# Detecting Skin Diseases

## Dermatitis

The UCI data set (Ilter and Altay Güvenir 1998) consist of

• $$366$$ patients ($$8$$ with missing values)
• $$12$$ clinical attributes (erythema, itching, scaling, etc.)
• $$21$$ histopathological attributes (decrease of melanin, spongiosis, etc.)

and a class variable with six different skin diseases

• psoriasis ($$111$$ patients)
• seborrheic dermatitis ($$60$$ patients)
• lichen planus ($$71$$ patients)
• pityriasis rosea ($$48$$ patients)
• chronic dermatitis ($$48$$ patients)
• pityriasis rubra pilaris ($$20$$ patients)

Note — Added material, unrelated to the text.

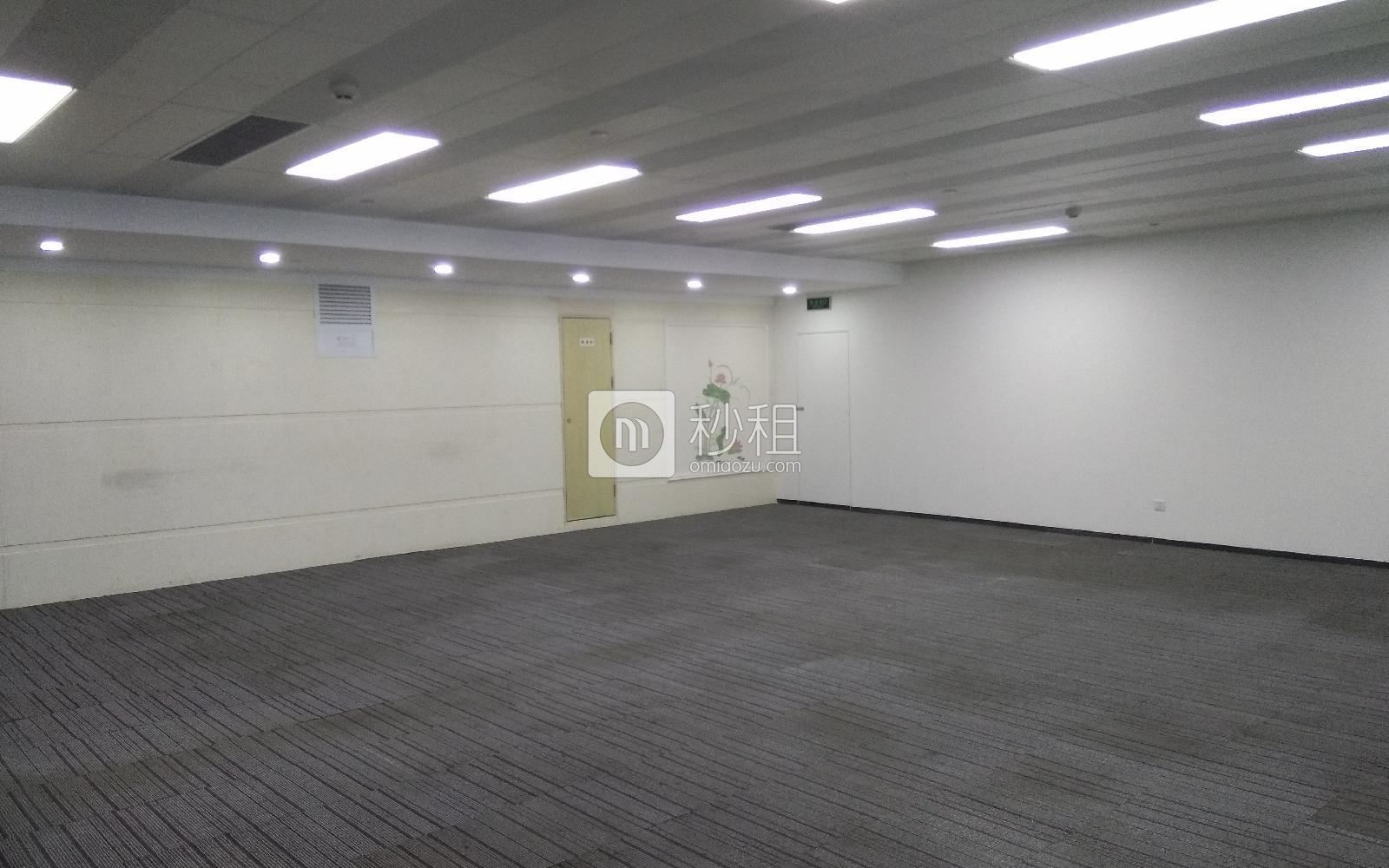 华嵘大厦写字楼出租261平米精装办公室168元/m².月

Many of the classical machine learning algorithms have been applied to the dataset (Liu et al. 2015). They all achieve a prediction accuracy above $$95\%$$ and some even above $$99\%$$. But…:

• The skin diseases share many common features
• We have exclusive classes but possibly not exhaustive
• What if a patient does not suffer from one of the six diseases
• Classification forces us to label a patient with one and only one disease

## Goal

Given a new patient $$y$$, we want to test the hypotheses

\begin{align*} H_1: & y \text{ has psoriasis} \\ H_2: & y \text{ has seborrheic dermatitis} \\ H_3: & y \text{ has lichen planus} \\ H_4: & y \text{ has pityriasis rosea} \\ H_5: & y \text{ has chronic dermatitis} \\ H_6: & y \text{ has pityriasis rubra pilaris} \end{align*}

Since all hypotheses are exclusive we do not correct for multiple hypothesis testing (but the user can do this by setting the significance level accordingly).

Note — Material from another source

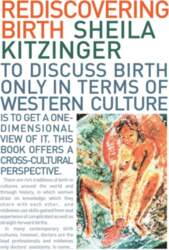 Rediscovering Birth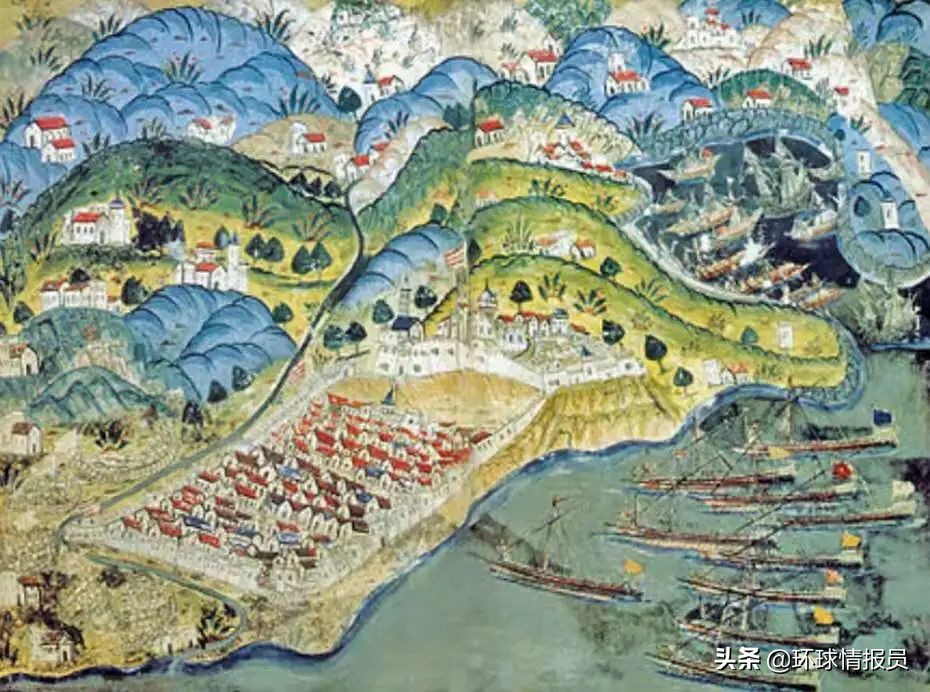 尼斯在法国什么地方,尼斯在法国哪个位置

## Modeling Attributes of Psoriasis

We first show how to test $$H_1$$. First extract the psoriasis data:

library(dplyr)
library(molic)
y     <- unlist(derma[80, -35]) # a patient with seboreic dermatitis
psor  <- derma %>%
filter(ES == "psoriasis") %>%
dplyr::select(-ES)

Next, we fit the interaction graph for the psoriasis patients:

library(ess)
g <- fit_graph(psor, q = 0, trace = FALSE)

We can color the nodes corresponding to clinical attributes (red), histopathological attributes (green) and the age variable (gray):

vs   <- names(adj_lst(g))
vcol <- structure(vector("character", length(vs)), names = vs)
vcol[grepl("c", vs)] <- "tomato"  # clinical attributes
vcol[grepl("h", vs)] <- "#98FB98" # histopathological attributes
vcol["age"]          <- "gray"    # age variable
plot(g, vcol, vertex.size = 10, vertex.label = NA)

The take home message here is, that we cannot assume independence between the attributes for the psoriasis patient as seen in the interaction graph - there are many associations.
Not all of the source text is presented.